The fourth day dawned on the incarceration of Rowan Country Clerk Democrat Kim Davis who has been jailed by Federal Judge David Bunning for refusing to issue marriage licenses to same-sex couples.

Though her office began issuing licenses after her jailing on Thursday, Davis says, without her permission as the duly elected County Clerk, the licenses are not valid. She says, “They are not worth the paper they’re written on.”

Davis has vowed to stay in jail indefinitely in defense of her Christian belief that marriage can only ever occur between a man and a woman. Judge David Bunning could have fined her but chose instead the more draconian decision to jail her.

Bunning, a George W. Bush appointee, is no stranger to aggressively siding with gays over such issues.

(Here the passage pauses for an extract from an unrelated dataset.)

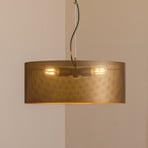 Hängelampe Zofia, kaffeebraun, Metall, Ø 50 cm, 3-flg., E27
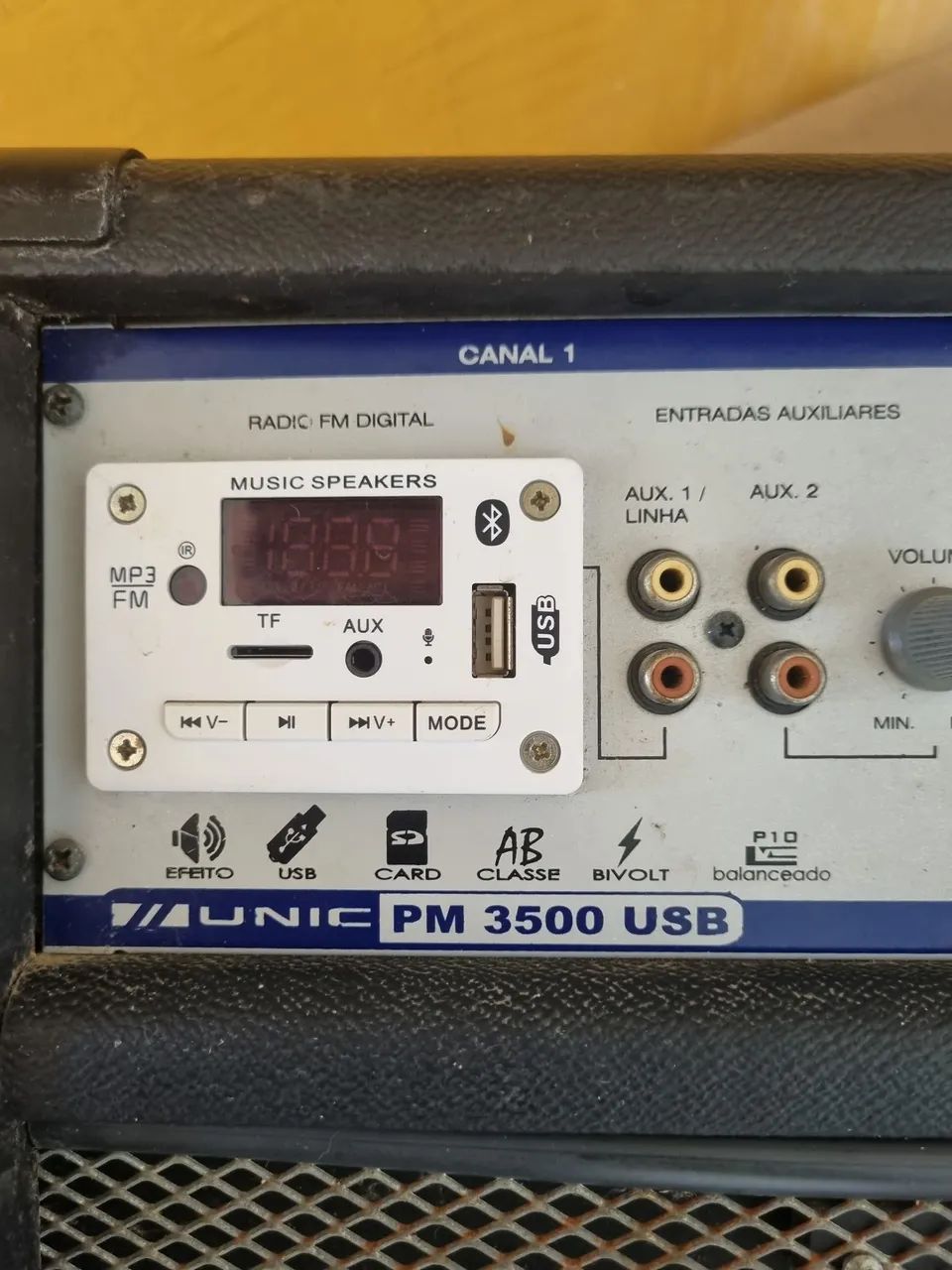 Caixa Amplificada Unic PM 3500 USB/Bluetooth  - Foto 2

In a 2003 case, Bunning not only forced a local school board to allow a “gay-straight alliance” to organize and meet in a local high school, as part of his decision he forced all faculty and students to undergo re-education about homosexuality. Further, he ordered that no one could opt out of the re-education even if they had sincere religious beliefs on the matter.

Bunning contended that “Plaintiffs are not requesting that a student absent from the training be considered an ‘excused’ or that the Board offer an alternate assignment on the issue of diversity. Rather, they seek to opt-out of the training altogether,” Bunning wrote.

In ordering that no student be allowed to opt out, Bunning wrote, “Moreover, as there is no burden on plaintiffs’ freedom of speech, free exercise or other constitutional right, there is simply no basis for an opt-out.”

He wrote, “If all parents had a fundamental constitutional right to dictate individually what the schools teach their children, the schools would be forced to cater a curriculum for each student whose parents had genuine moral disagreements with the school’s choice of subject matter.”

The Sixth Circuit Court of Appeals later overruled Bunning.

Davis’s attorneys at the public interest Liberty Counsel are seeking to overrule Bunning in his sentencing of Davis.